Visto este estado de cosas, debe comprenderse que no se trata hoy de reflexiones y discusiones cualesquiera: tienen alcances de interés nacional, una dimensión totalizadora y exigen pensar el país y sus perspectivas con profundidad.
En esta tarea por supuesto que se espera del gobierno un papel protagónico y de liderazgo. El punto es que la intelligentzia gubernamental supone que tiene las respuestas o que es autosuficiente por sí misma – o, a lo sumo, con la ayuda del Instituto Libertad y Desarrollo – para irlas gestando.
De aquí salta la pregunta: ¿Por qué a de confiarse el destino del gobierno, de la Concertación, incluso, del país, a la exclusiva sabiduría de una intelligentzia que ya se ha equivocado y muy gravemente?
La estrategia del crecimiento o la no estrategia
La transición del gobierno es hacia la instalación de la centralidad de su gestión en el crecimiento económico. Y en esta decisión ya se anticipa un nuevo error de la intelligentzia.

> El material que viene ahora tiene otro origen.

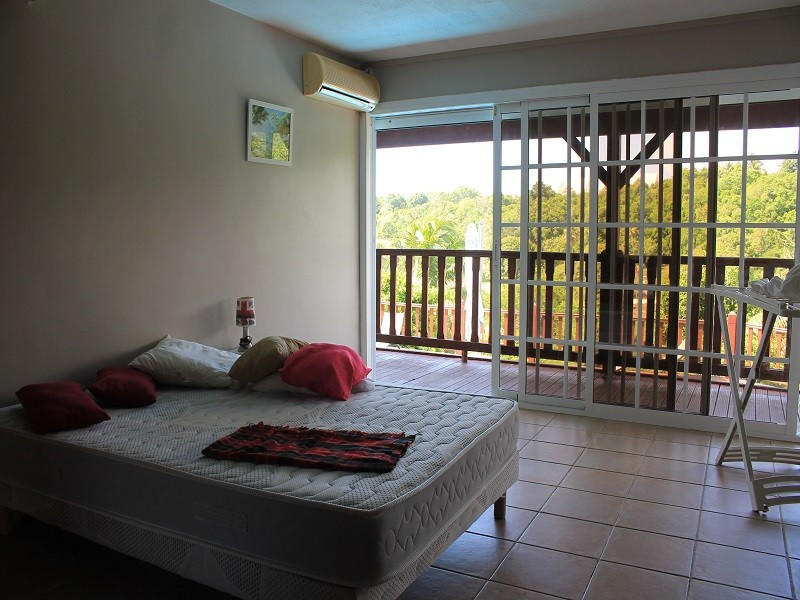 Maison - 256 m² - 7 pièces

El crecimiento económico no es en sí una estrategia, ni menos un proyecto. Para que lo sea debe acompañarse de otras definiciones. Algunas de carácter puramente técnico: a qué sectores se le asignará la principal función dinamizadora, cuáles serán las políticas fiscales y monetarias idóneas, etc. Y otras son de carácter político y social.

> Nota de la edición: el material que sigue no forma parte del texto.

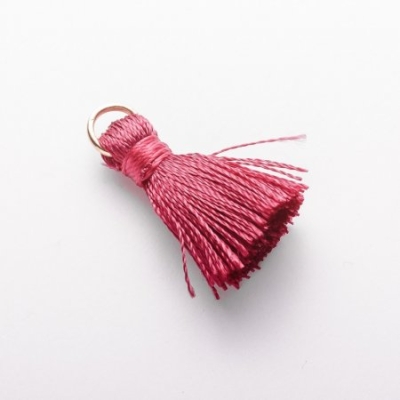 Заготівля для рукоділля Кисть Міні з кільцем "шовк" колір бордо, довжина 2см, діаметр 5мм ціна за 1 шт.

En Chile, en los análisis y discusiones sistemáticamente se ha soslayado que la lógica del crecimiento, especialmente en situaciones de crisis o de deterioro de la actividad económica, entraña aceptar una contradicción entre las medidas favorables al crecimiento y aquéllas que apuntan a la solución de problemas sociales y/o al desarrollo social. Priorizar el crecimiento económico no es una definición políticamente inocua, aséptica, neutral.
En una economía de mercado y, además en estado de relativo estancamiento, privilegiar el crecimiento económico conlleva ineluctablemente a medidas que faciliten las ganancias empresariales, la acumulación y la inversión. Medidas que normalmente tienen, como contrapartes, desmedros o límites mayores al gasto social, cancelación o minimización de mecanismos redistributivos, afectación de los salarios, etc.

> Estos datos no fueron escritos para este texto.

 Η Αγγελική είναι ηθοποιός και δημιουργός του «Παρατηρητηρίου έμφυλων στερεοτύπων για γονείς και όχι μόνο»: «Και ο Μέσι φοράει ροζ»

En el ámbito estricto de la política, significa búsquedas de alianzas preferentes con el empresariado, concesiones hacia éste en cuanto a determinadas funciones estatales, políticas de disciplinamiento social, etc.
Tal vez, efectivamente Chile requiera de un esfuerzo especial para reimpulsar el crecimiento económico. Pero si es así, entonces, lo adecuado es elaborar un proyecto estratégico que englobe y oriente las conflictividades que entraña una definición de esta naturaleza. Porque apostar sin más ni más al crecimiento económico – tras lo cual está la peregrina tesis de que la economía conforma un subsistema autónomo – es renunciar de facto al liderazgo gubernamental y aventurarse a someter al país a otra etapa de imprevisiones e improvisaciones. Sin proyecto orientador, acentuar en el crecimiento económico per sé instala el peligro de que sean las dinámicas de éste las que configuren espontánea y autónomamente una suerte de proyecto-país al que la política y el gobierno deberán subordinarse.
En definitiva, si la decisión es privilegiar el crecimiento económico, en una connotación casi de emergencia, es menester una estrategia proyectiva que atienda el conjunto de conflictividades y costos que tal definición implica. Y una estrategia de tal carácter sólo es viable si se afianza intelectualmente, si su sustancia se consensúa socialmente y si, en torno a ella, se edifica un respaldo político contundente.
Nada de eso se logra operando en sordina y sorprendiendo con hechos consumados.